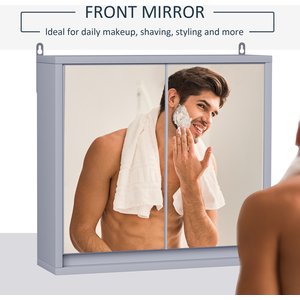 HOMCOM Wall Mount Mirror Cabinet Storage Bathroom Cupboard - Grey by HOMCOM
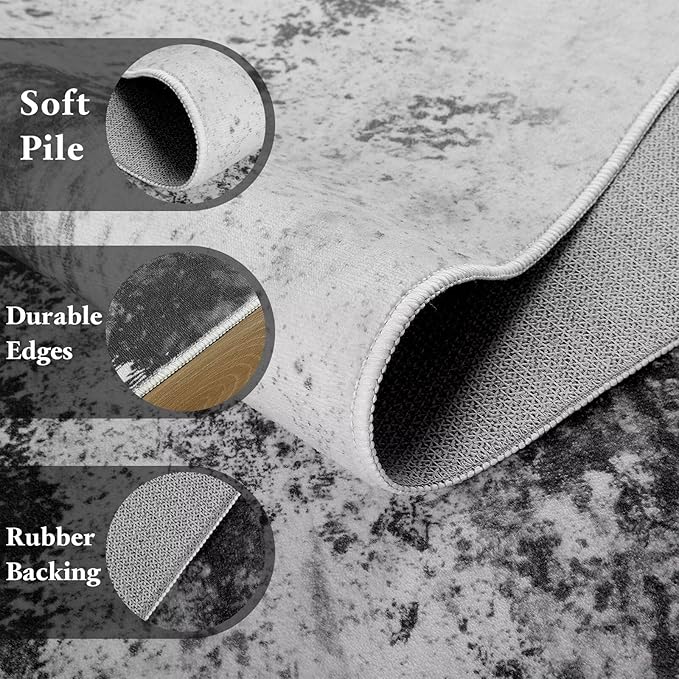 Washable Abstract Rug, 5x7 Modern Area Rugs with Non-Slip Rubber Backed for Living Room, Thin but Soft Contemporary Carpet Kitchen Bedroom Dining Room Decor, Black Grey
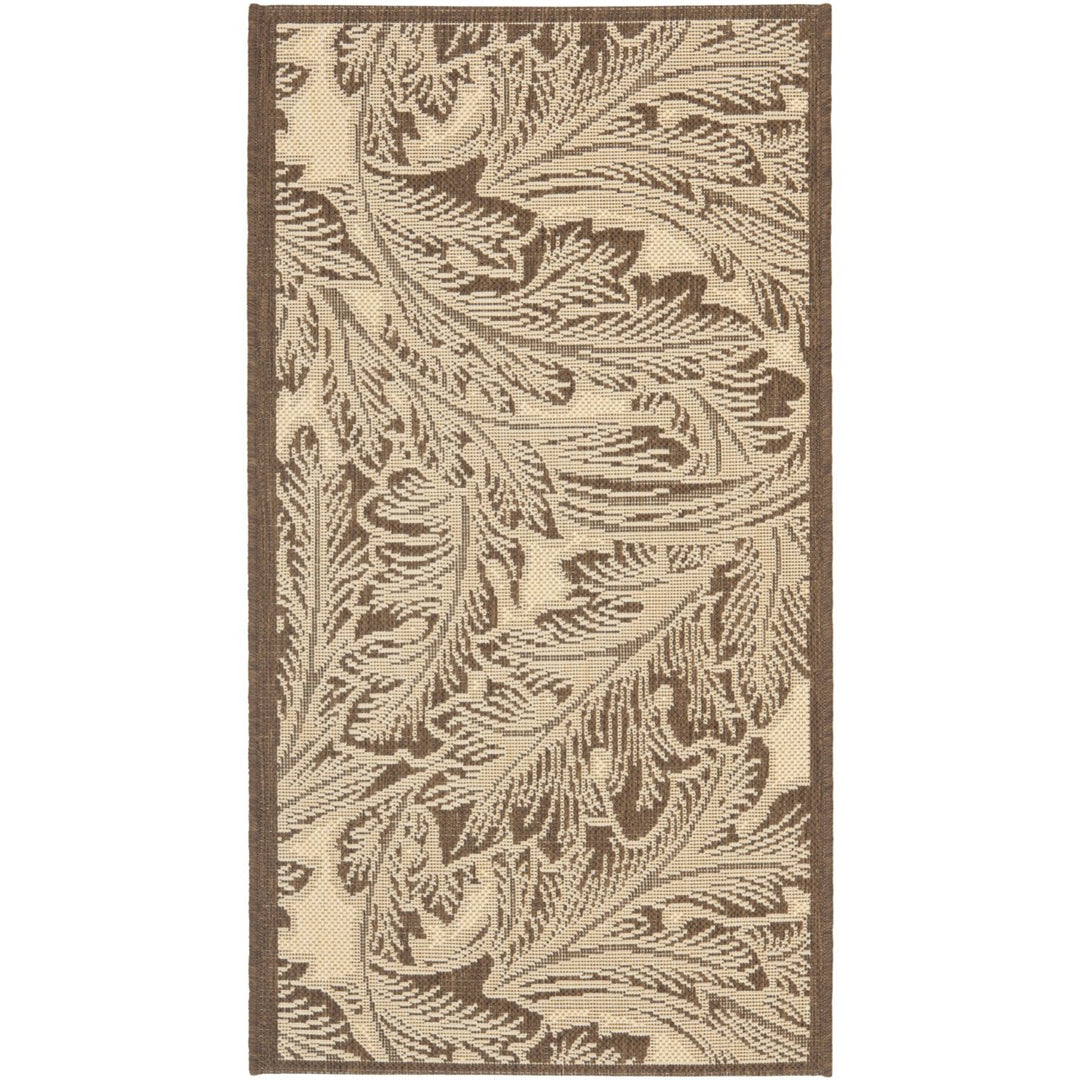 SAFAVIEH Outdoor CY2996-3401 Courtyard Natural / Chocolate Rug Image 1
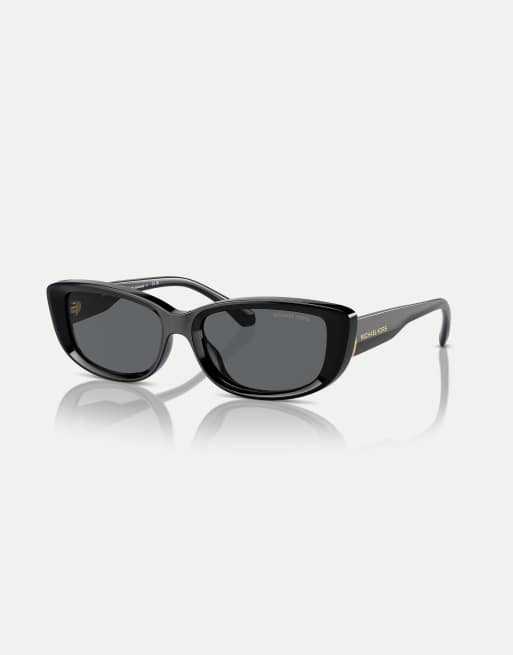 Michael Kors Asheville gafas de sol rectangulares con lentes grises en negro, 3 de 4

========================

* [AIM OF THE EXERCISE] Exactly the lines from the one with "Washable Abstract Rug, 5x7" to the last line of the listing are wanted, both ends included and pictures excluded.

* [RESULT]
 Washable Abstract Rug, 5x7 Modern Area Rugs with Non-Slip Rubber Backed for Living Room, Thin but Soft Contemporary Carpet Kitchen Bedroom Dining Room Decor, Black Grey
 SAFAVIEH Outdoor CY2996-3401 Courtyard Natural / Chocolate Rug Image 1
 Michael Kors Asheville gafas de sol rectangulares con lentes grises en negro, 3 de 4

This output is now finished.